4. Review SARs, CTRs, and CTR exemption information obtained from downloads from the BSA-reporting database.  The number of SARs, CTRs, and CTR exemptions filed should be obtained for a defined time period, as determined by the examiner.  Consider the following information, and analyze the data for unusual patterns, such as:

  • Volume of activity, and whether it is commensurate with the customer’s occupation or type of business.
  • Number and dollar volume of transactions involving higher-risk customers.
  • Volume of CTRs in relation to the volume of exemptions (i.e., whether additional exemptions resulted in significant decreases in CTR filings).
  • Volume of SARs and CTRs in relation to the bank’s size, asset or deposit growth, and geographic location.

The federal banking agencies do not have targeted volumes or “quotas” for SAR and CTR filings for a given bank size or geographic location.  Examiners should not criticize a bank solely because the number of SARs or CTRs filed is lower than SARs or CTRs filed by “peer” banks.  However, as part of the examination, examiners must review significant changes in the volume or nature of SARs and CTRs filed and assess potential reasons for these changes.

5. Review internal and external audit reports and workpapers for BSA/AML compliance, as necessary, to determine the comprehensiveness and quality of audits, findings, and management responses and corrective action.  A review of the independent audit’s scope, procedures, and qualifications will provide valuable information on the adequacy of the BSA/AML compliance program.

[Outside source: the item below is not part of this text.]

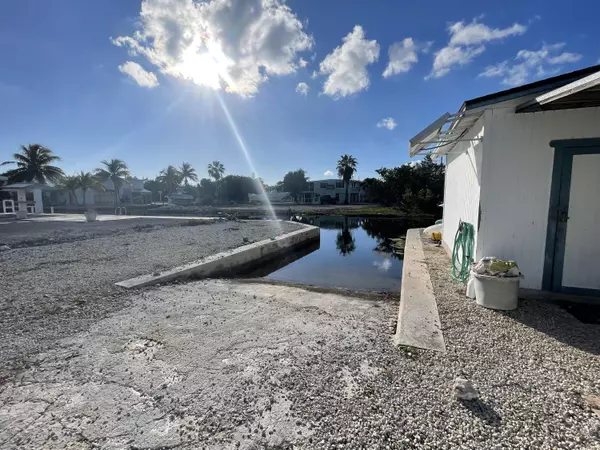 Big Pine Key, FL 33043,2019 plus lot 39 Coral WAY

6. While OFAC regulations are not part of the BSA, evaluation of OFAC compliance is frequently included in BSA/AML examinations.  It is not the federal banking agencies’ primary role to identify OFAC violations, but rather to evaluate the sufficiency of a bank’s implementation of policies, procedures, and processes to ensure compliance with OFAC laws and regulations.  To facilitate the examiner’s understanding of the bank’s risk profile and to adequately establish the scope of the OFAC examination, the examiner should complete the following steps:

  • Review the bank’s OFAC risk assessment.  The risk assessment, which may be incorporated into the bank’s overall BSA/AML risk assessment, should consider the various types of products, services, customers, entities, transactions, and geographic locations in which the bank is engaged, including those that are processed by, through, or to the bank to identify potential OFAC exposure.
  • Review the bank’s independent testing of its OFAC compliance program.
  • Review correspondence received from OFAC and, as needed, the civil penalties area on OFAC’s Web site to determine whether the bank had any warning letters, fines, or penalties imposed by OFAC since the most recent examination.
  • Review correspondence between the bank and OFAC (e.g., periodic reporting of prohibited transactions and, if applicable, annual OFAC reports on blocked property).

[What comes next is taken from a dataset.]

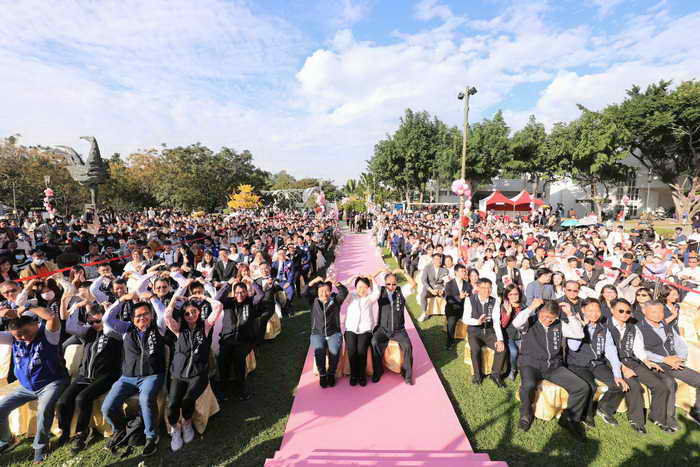 中市88對新人葫蘆墩公園甜蜜完婚 盧市長送溫暖祝福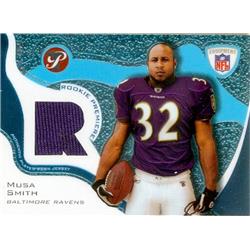 624860 Musa Smith Player Worn Jersey Patch Football Card - Baltimore Ravens 2003 Topps Prime Rookie Premiere - No.RPRMS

In addition to the above, at larger, more complex banking organizations, examiners may complete various types of examinations throughout the supervisory plan or cycle to assess OFAC compliance.  These reviews may focus on one or more business lines. 

7. On the basis of the above examination procedures, in conjunction with the review of the bank’s BSA/AML risk assessment, develop an initial examination plan.  The examiner should adequately document the plan, as well as any changes to the plan that occur during the examination.  The scoping and planning process should ensure that the examiner is aware of the bank’s BSA/AML compliance program, OFAC compliance program, compliance history, and risk profile (i.e., products, services, customers, entities, transactions, and geographic locations).

As necessary, additional core and expanded examination procedures may be completed.  While the examination plan may change at any time as a result of on-site findings, the initial risk assessment will enable the examiner to establish a reasonable scope for the BSA/AML review.  In order for the examination process to be successful, examiners must maintain open communication with the bank’s management and discuss relevant concerns as they arise.